Baltimore Sun
Opinion
February 21, 2018

If the Trump administration’s goal was to increase the ranks of the uninsured, it could scarcely have thought of a better policy than the one it announced Tuesday, in which it expands the short-term insurance plans that are exempt from Affordable Care Act standards. In one stroke, it found a way to make virtually useless plans more available for healthy people while making insurance that actually covers the treatments and services needed by people who are or could become sick more expensive. Coupled with the end of the federal requirement that most taxpayers buy insurance or pay a penalty, the administration has come up with a recipe for destabilizing individual insurance markets and putting coverage out of reach for those who really need it.

Fortunately, Maryland can take matters into its own hands, and health policy experts have proposed an ingenious way to do it.

Advocates here have been discussing the idea of creating a state-level individual mandate since even before the federal tax cut legislation eliminated the national one, and now the planned expansion of short-term insurance policies adds to the urgency for the state to move forward. But the legislation that the General Assembly will consider actually improves on the individual mandate in terms of both policy and politics.

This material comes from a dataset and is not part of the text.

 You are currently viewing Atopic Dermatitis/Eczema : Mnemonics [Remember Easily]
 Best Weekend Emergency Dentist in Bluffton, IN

The ACA’s individual mandate was a stick — a tax penalty, based on your income, if you don’t have health insurance. The Maryland version, which is up for hearings in the state Senate and House of Delegates this week, not only adds a carrot to the equation, but that carrot is peeled, cut into sticks and served with veggie dip. Here’s how.

Rather than flowing into the government’s general fund, as current ACA individual mandate penalties do, the fees associated with Maryland’s proposed individual mandate would be held as a down payment for a taxpayer to buy insurance. Only if an individual actively chooses it would the money go into the general fund.

Advocates estimate that 60,000 Marylanders could get ACA-compliant coverage for no more than the cost of the penalty, once federal subsidies are taken into account. That’s a strong incentive to buy coverage. But the legislation goes beyond that to make it easier for people to sign up.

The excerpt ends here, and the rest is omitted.